• [PROBLEM REQUIREMENTS]: Please output the section of the listing below that opens with the line containing "Empresário colocando moeda" and closes with the line containing "Japanese video game", exactly and with nothing else.

• [INPUT DATA]:
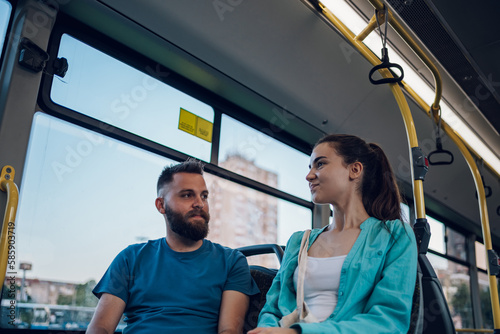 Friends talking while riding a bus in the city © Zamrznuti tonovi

* * *

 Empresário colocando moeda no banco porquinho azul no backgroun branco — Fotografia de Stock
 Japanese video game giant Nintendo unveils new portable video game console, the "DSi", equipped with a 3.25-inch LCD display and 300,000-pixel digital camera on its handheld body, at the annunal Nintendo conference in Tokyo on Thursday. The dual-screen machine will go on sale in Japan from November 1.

• [WRITTEN SOLUTION]:
 Empresário colocando moeda no banco porquinho azul no backgroun branco — Fotografia de Stock
 Japanese video game giant Nintendo unveils new portable video game console, the "DSi", equipped with a 3.25-inch LCD display and 300,000-pixel digital camera on its handheld body, at the annunal Nintendo conference in Tokyo on Thursday. The dual-screen machine will go on sale in Japan from November 1.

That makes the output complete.